Dice internet que se denomina tiempo a una medida efectuada sobre los cambios que se producen en el universo. Cambios. Eso marca el tiempo. Y yo pienso en tiempo. En tiempos. En la semana pasada el tiempo de trabajo estaba adormilado. Como anestesiado. Será que no hubo cambios. Que todo estaba igual. Pantalla. Teclado. Y pocas ganas de usar ambas. Luego cruzabas la frontera de la oficina y mas que una puerta de salida parecía la entrada de la madriguera de Alicia. Otro mundo. Otra realidad.

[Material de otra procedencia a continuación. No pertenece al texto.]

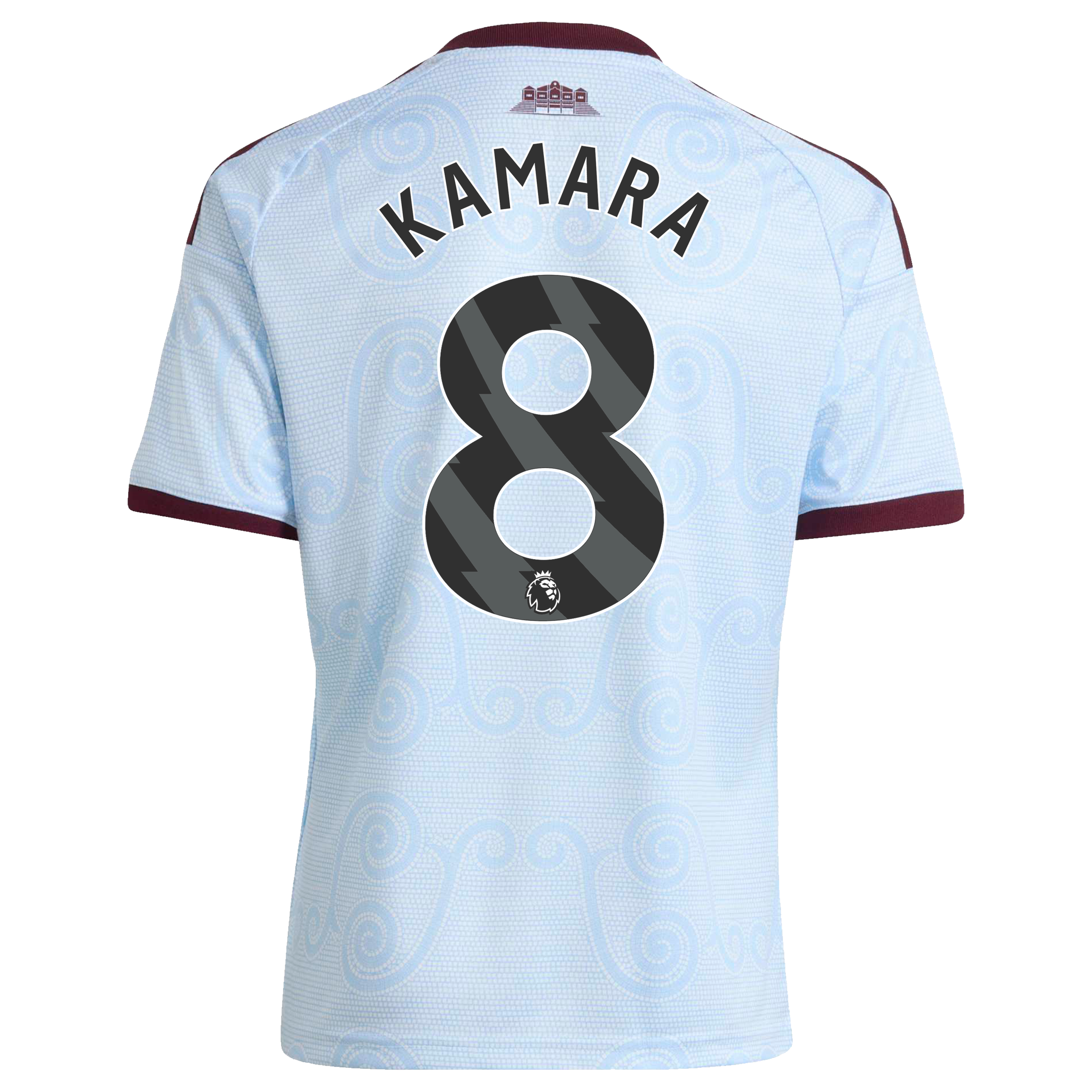 Aston Villa adidas Third Shirt 2026-27 - Kids with Kamara 8 printing, , rebel_hi-res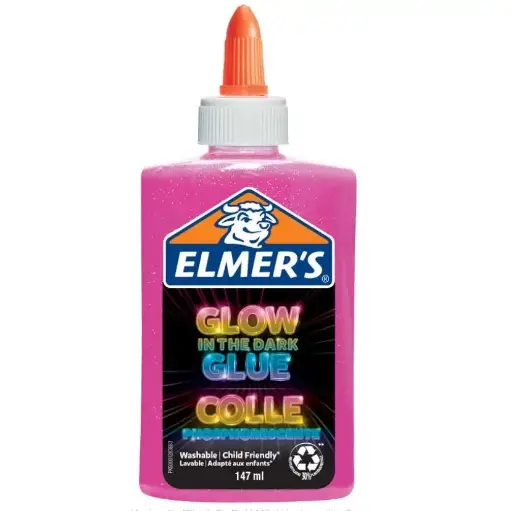 [273112] ELMERS VLOEIBARE LIJM GLOW IN THE DARK 147ML ROOS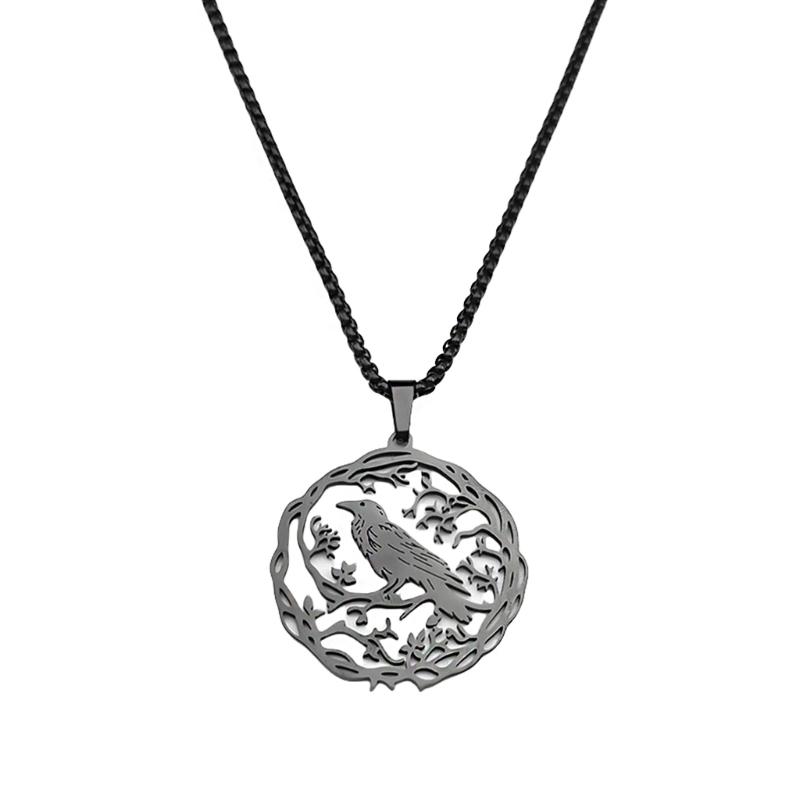 Luxus Kolibri Design Halskette mit 18K Goldfinish Akzent Edelstahl Mode Hals Schmuck zum Verschenken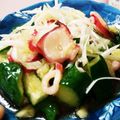 つぼみの's cooksnap of when they made タコときゅうりのピリ辛和え。おつまみにも.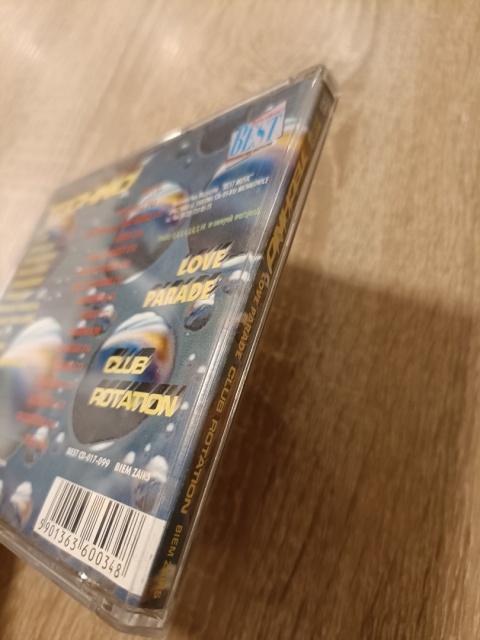 Płyta CD Club Rotation Techno Love Parade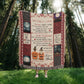 Personalized Heirloom Artwork Woven Blanket My Only Love-Express Your Love Gifts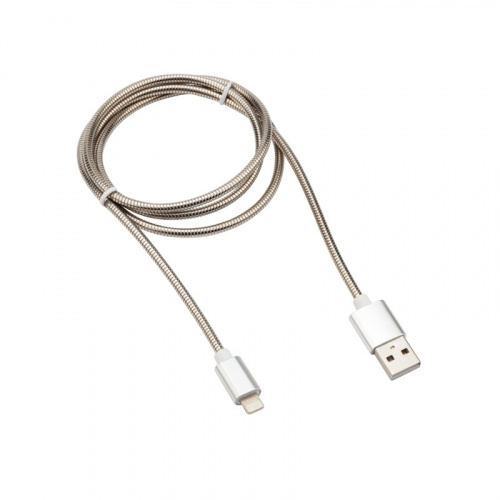 картинка Кабель REXANT USB-Lightning 2 A,  1 м,  матовая сталь от магазина Сантехстрой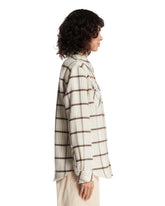 Camicia Air Waffle In Cashmere Bianca | PDP | Antonia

El tiempo en aquella otra realidad, la de fuera de la oficina, era otra cosa. Alegre. Radiante. Optimista. Las tardes pasaron entre risas de sobrinos recién llegados, piscina, películas, cañas, un poco de Antonio López en el Thyssen y reencuentros con amigos. Bares. Terrazas. Paseos en moto por las calles de la Latina. Inés in Wonderland.
Y llegó el tiempo de fin de semana. Entero para mi. Con todas sus horas. Con dos mañanas. Dos tardes. TIEMPO. Y Sole también quería y tenía el tiempo a sus pies. Y Chili. Y acampamos el sábado en Soto. Y la barbacoa salió perfecta. Y “Win, Win” nos gustó a las tres. Y volvimos a la noche de Madrid. Y el domingo comimos paella. Panotxi. Y bajamos a la plaza de San Ildefonso. Cervezas y calle. TIEMPO.
Y ahí es donde compruebas que el universo cambia. Y entonces se produce tiempo. MI tiempo. Uno distinto al del lunes por la mañana. Estático. Apagado. Sin olor a panceta. Ni a cerveza de barril. Tiempo...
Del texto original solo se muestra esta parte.